A forma como os Taliban irão governar o Afeganistão de acordo com a Sharia, tal como se comprometeram a fazer, não é clara. O comandante sênior do Taleban disse que um grupo de estudiosos islâmicos determinará o sistema jurídico e o governo será guiado pela lei islâmica. “Não haverá nenhum sistema democrático porque não tem nenhuma base no nosso país. Não discutiremos que tipo de sistema político deveríamos aplicar no Afeganistão porque é claro. É a lei da Sharia e é isso”, disse. ele disse à Reuters, conforme relatado pela Al-Jazeera.

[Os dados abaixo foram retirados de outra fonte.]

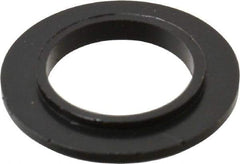 Made in USA - 3/8" Screw, 1/32" Shoulder Length, Nylon Shoulder Washer - Black, 0.622" Flange Diam, 3/64" Flange Thickness, 0.383" ID, 0.434" OD - Caliber Tooling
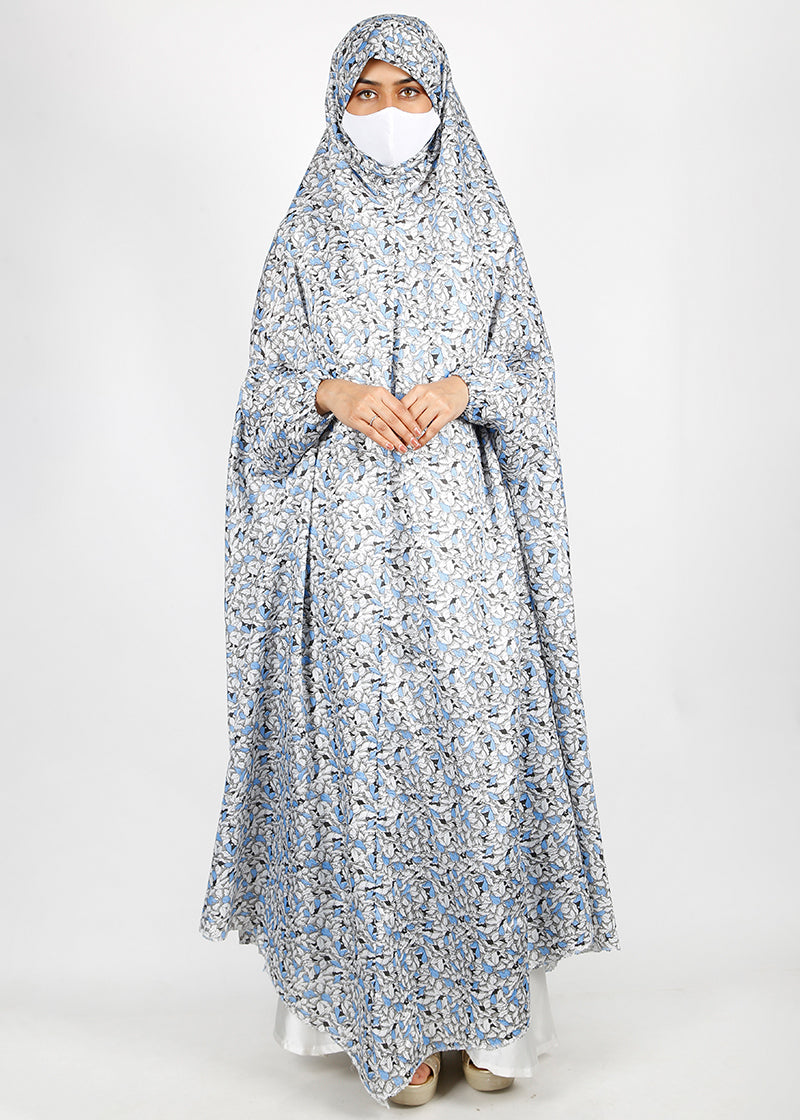 BeingMuslims Printed Jilbab Ankle Length I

Quanto ao que isso significa na prática – se um regresso a leis muito rigorosas sobre códigos de vestimenta e a proibição das mulheres de frequentar a educação e a maior parte do trabalho – ainda não se sabe.
Agora isso é interessante
Mesmo na Arábia Saudita, as punições mais severas geralmente não são aplicadas. Awad conduziu uma pesquisa de todos os processos judiciais sauditas envolvendo “relações sexuais ilegais” e constatou que os juízes sempre concluíram que havia “dúvida” — historicamente, a lei islâmica exige quatro testemunhas oculares do acto — por isso a punição mais grave, a morte, nunca foi aplicada.